Mars at its closest approach to Earth for another 15 years, on October 5, 2020, with autumn aspens. Taken from home with the waning Moon off camera providing the illumination. This is a stack of 8 median-combined images for the ground to smooth noise and one exposure for the sky. All 15 seconds at ISO 2500 and f/4 with the Sigma 24mm Art lens and Nikon D750. SharpenAI applied to the ground; DeNoiseAI applied to the sky. Diffraction spikes on Mars added with Astronomy Tools Actions. A mild Orton Glow effect added with Luminar 4.
The close conjunction of bright Venus with the star Regulus in Leo at dawn on October 3, 2020. Light from the Full Moon illuminates the scene, taken from home in Alberta. This is the vertical portrait orientation version that shows all of the Sickle of Leo. There is a matching landscape orientation version. This is a single exposure with the 50mm Sigma lens and Canon 6D MkII. Star spikes added with Astronomy Tools actions.

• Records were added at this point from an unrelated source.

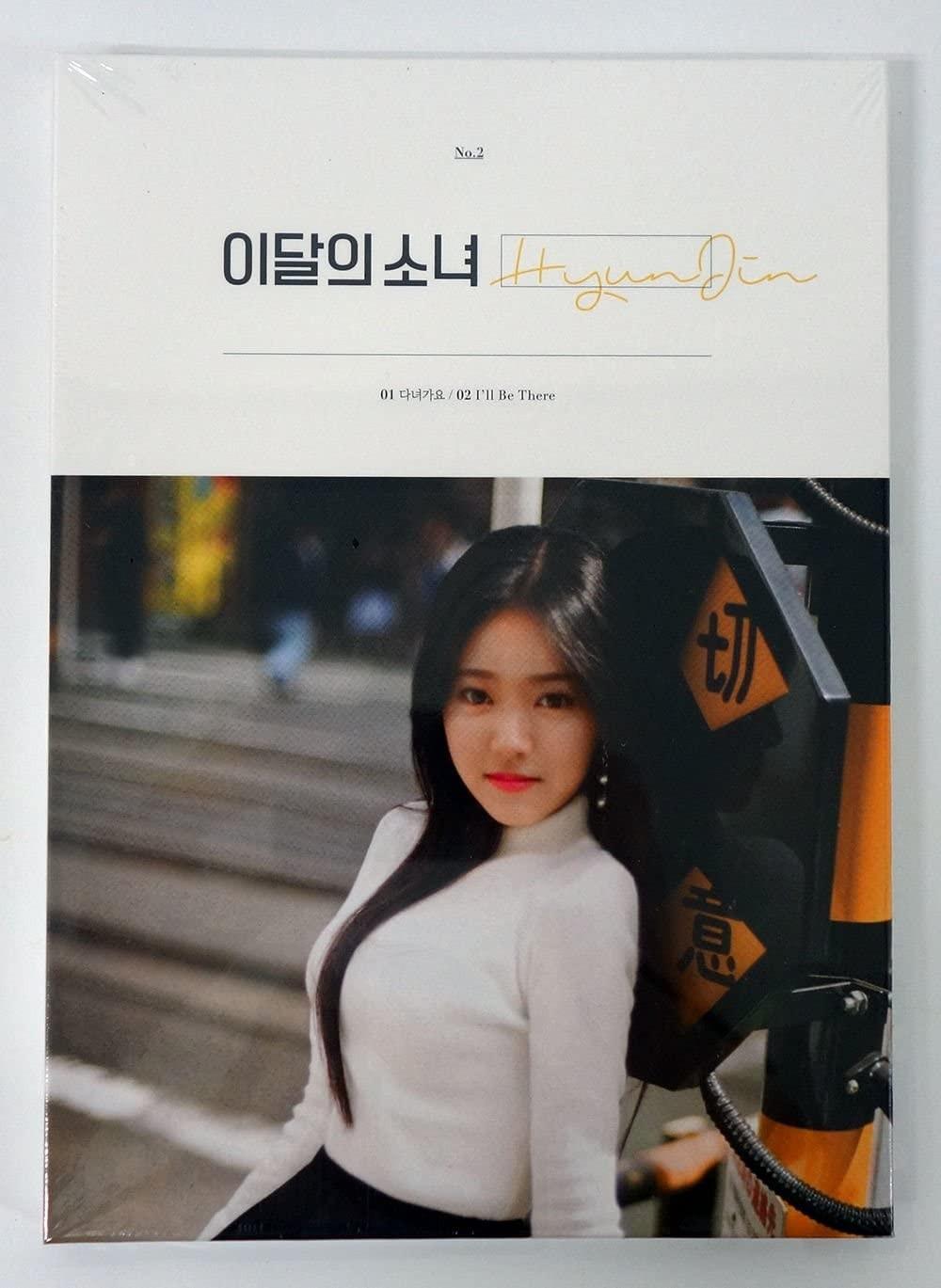 HYUNJIN (LOONA) - SINGLE ALBUM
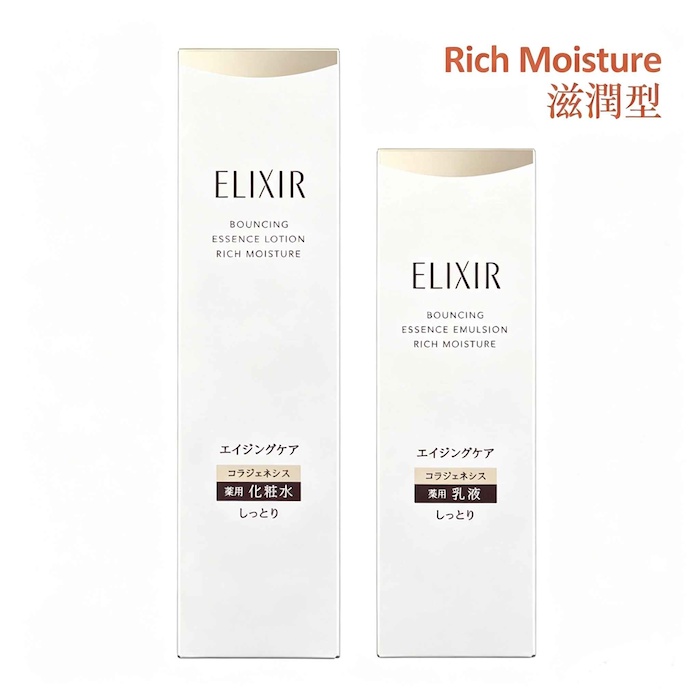 ELIXIR ELIXIR Bouncing Essence Rich Moisture Set (170ml + 130ml) SetProduct Thumbnail
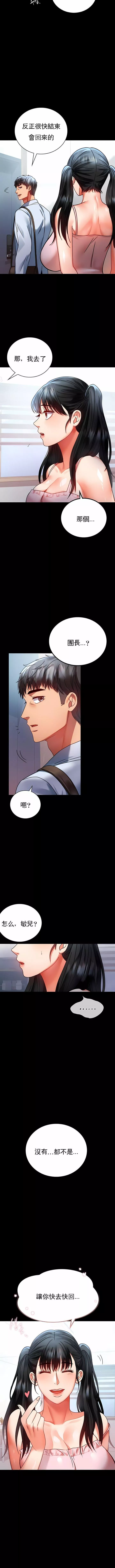 婚外情概率第30話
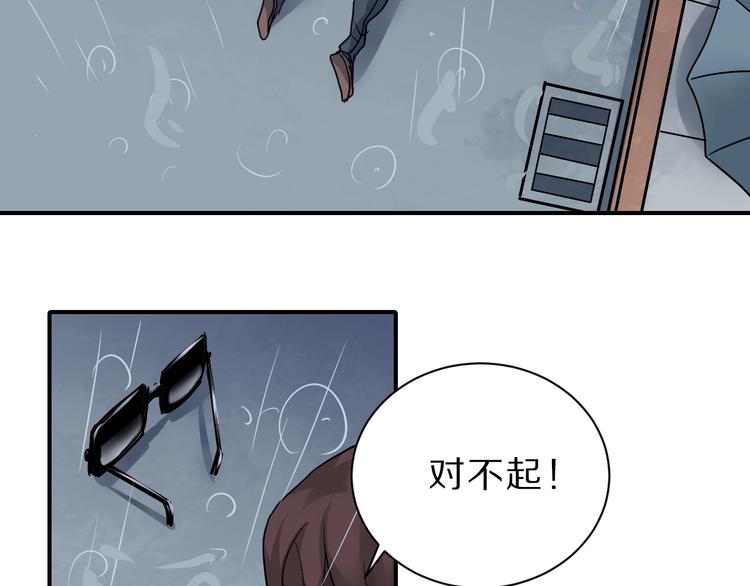 第86话  虚伪的目光67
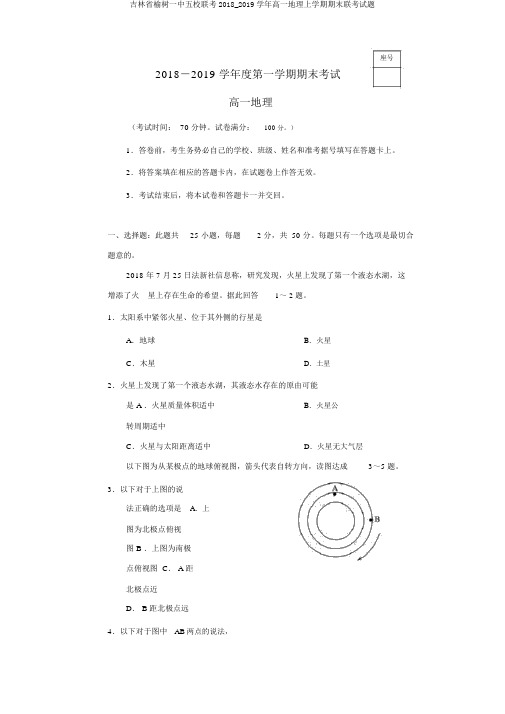 吉林省榆树一中五校联考2018_2019学年高一地理上学期期末联考试题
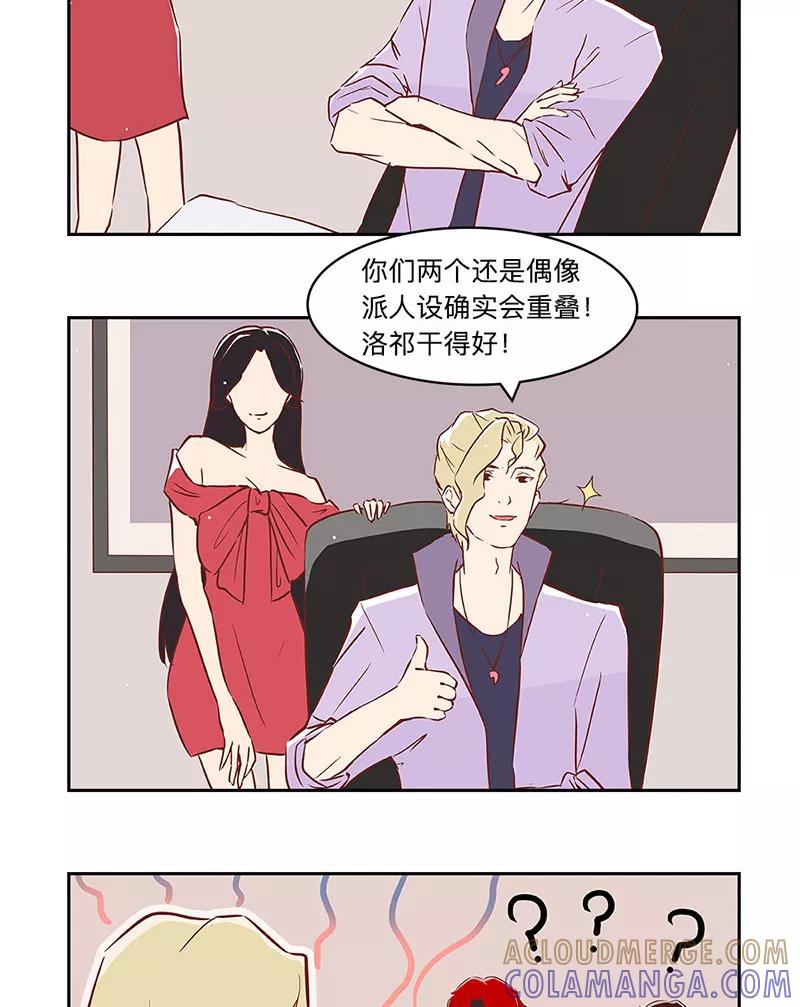 《家里套路深》[第37话] 新秀访谈 第5页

The nearly Full Moon (a waning gibbous) in conjunction on October 2 just below Mars, then 11 days before a close opposition and very bright. This was from home in Alberta. This is a 6-exposure stack (from short 1/100 sec for the Moon and Mars to long 1 second for the sky so it does not go completely black) blended with luminosity masks all with the tracked Astro-Physics 105mm Traveler telescope at f/6 for 630mm focal length, and Canon 6DMkII. The disk of Mars is just resolved.